◆ **INPUT MATERIAL**
Start of Block
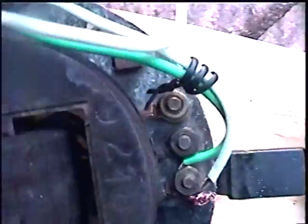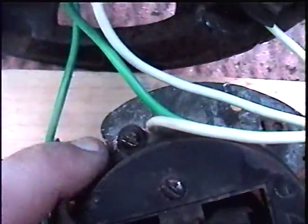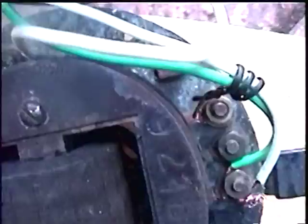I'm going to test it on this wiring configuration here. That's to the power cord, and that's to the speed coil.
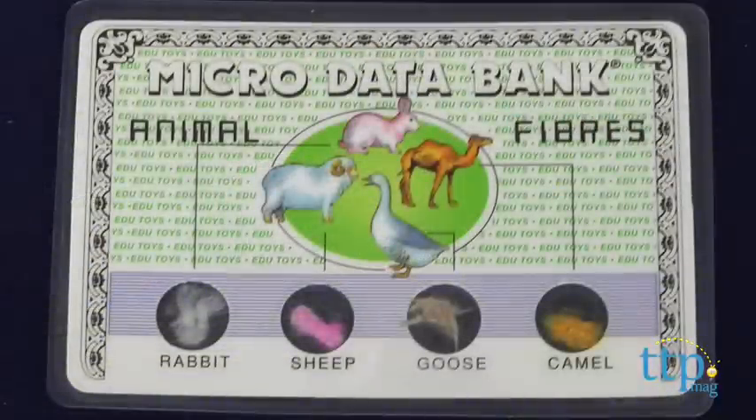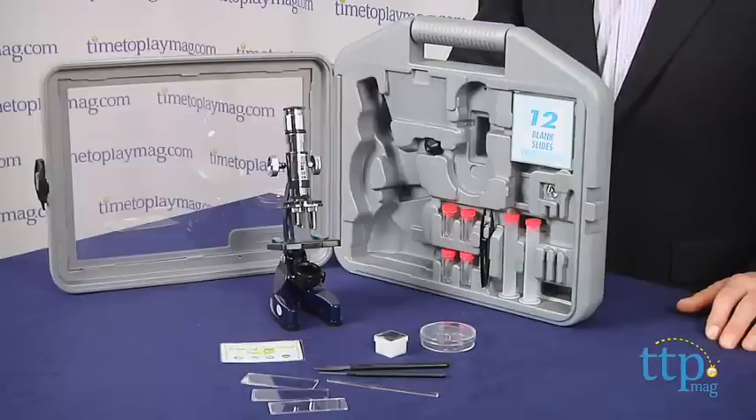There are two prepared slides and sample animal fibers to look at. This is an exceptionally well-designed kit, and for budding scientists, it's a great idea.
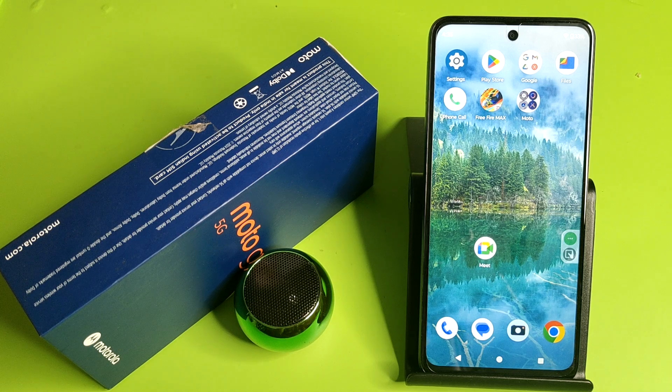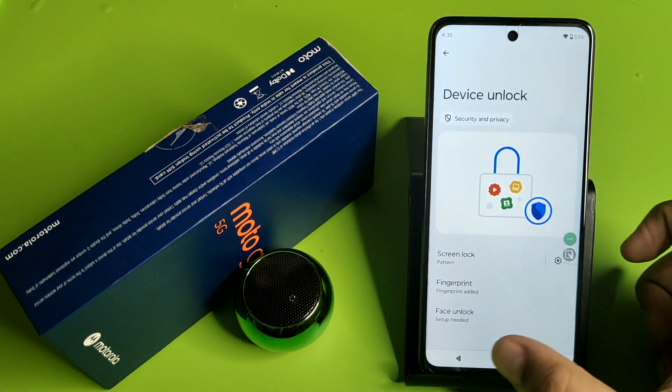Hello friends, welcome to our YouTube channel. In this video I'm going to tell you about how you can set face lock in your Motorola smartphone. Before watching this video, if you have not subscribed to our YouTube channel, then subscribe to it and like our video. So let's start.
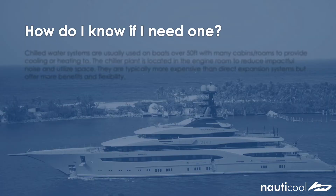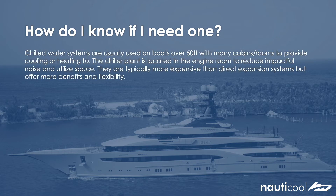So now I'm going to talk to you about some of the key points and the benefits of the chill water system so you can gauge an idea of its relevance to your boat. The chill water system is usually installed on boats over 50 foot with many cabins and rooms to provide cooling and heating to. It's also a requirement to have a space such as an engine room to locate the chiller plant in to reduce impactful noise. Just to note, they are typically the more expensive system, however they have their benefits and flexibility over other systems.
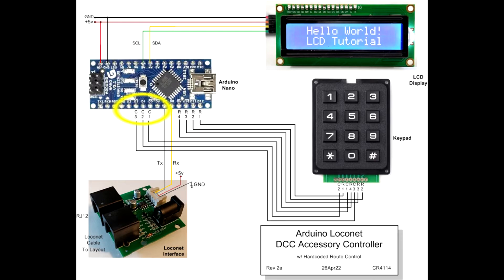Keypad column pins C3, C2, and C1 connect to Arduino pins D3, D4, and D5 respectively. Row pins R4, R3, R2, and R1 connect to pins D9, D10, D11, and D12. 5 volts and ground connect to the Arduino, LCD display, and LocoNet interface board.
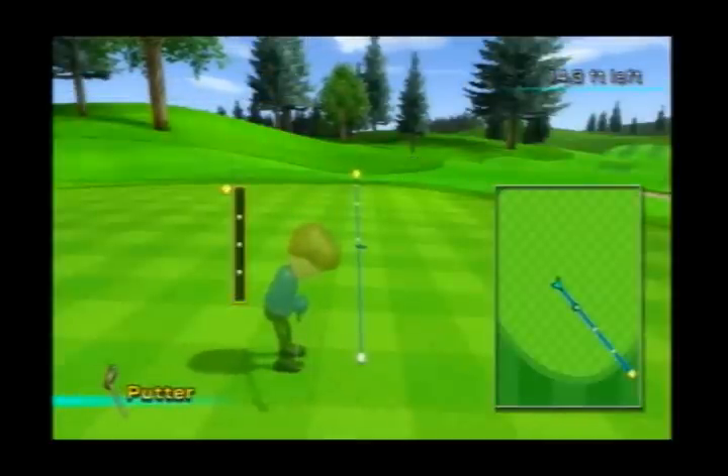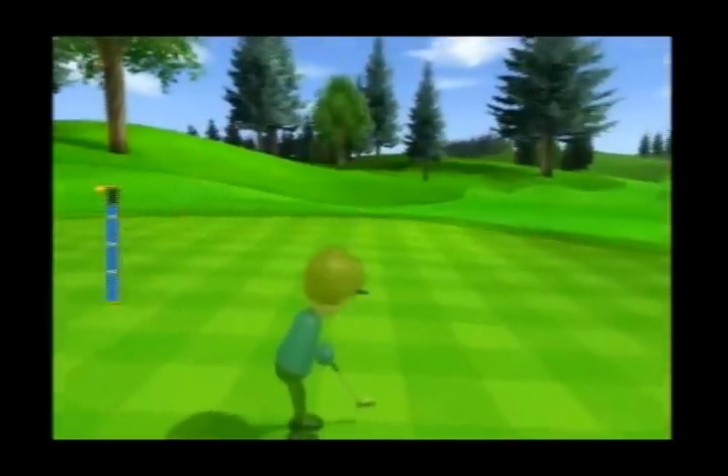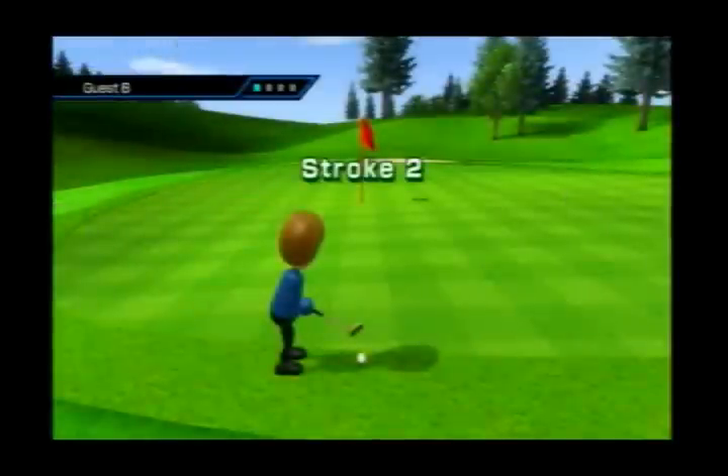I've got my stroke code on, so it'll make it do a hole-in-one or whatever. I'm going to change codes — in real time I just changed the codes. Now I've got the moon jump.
End of Block
◆ **ASSIGNMENT**
The response must match the listing exactly, except that pictures are removed.

◆ **FINISHED EXERCISE**
I'm going to test it on this wiring configuration here. That's to the power cord, and that's to the speed coil.
There are two prepared slides and sample animal fibers to look at. This is an exceptionally well-designed kit, and for budding scientists, it's a great idea.
Hello friends, welcome to our YouTube channel. In this video I'm going to tell you about how you can set face lock in your Motorola smartphone. Before watching this video, if you have not subscribed to our YouTube channel, then subscribe to it and like our video. So let's start.
So now I'm going to talk to you about some of the key points and the benefits of the chill water system so you can gauge an idea of its relevance to your boat. The chill water system is usually installed on boats over 50 foot with many cabins and rooms to provide cooling and heating to. It's also a requirement to have a space such as an engine room to locate the chiller plant in to reduce impactful noise. Just to note, they are typically the more expensive system, however they have their benefits and flexibility over other systems.
Keypad column pins C3, C2, and C1 connect to Arduino pins D3, D4, and D5 respectively. Row pins R4, R3, R2, and R1 connect to pins D9, D10, D11, and D12. 5 volts and ground connect to the Arduino, LCD display, and LocoNet interface board.
I've got my stroke code on, so it'll make it do a hole-in-one or whatever. I'm going to change codes — in real time I just changed the codes. Now I've got the moon jump.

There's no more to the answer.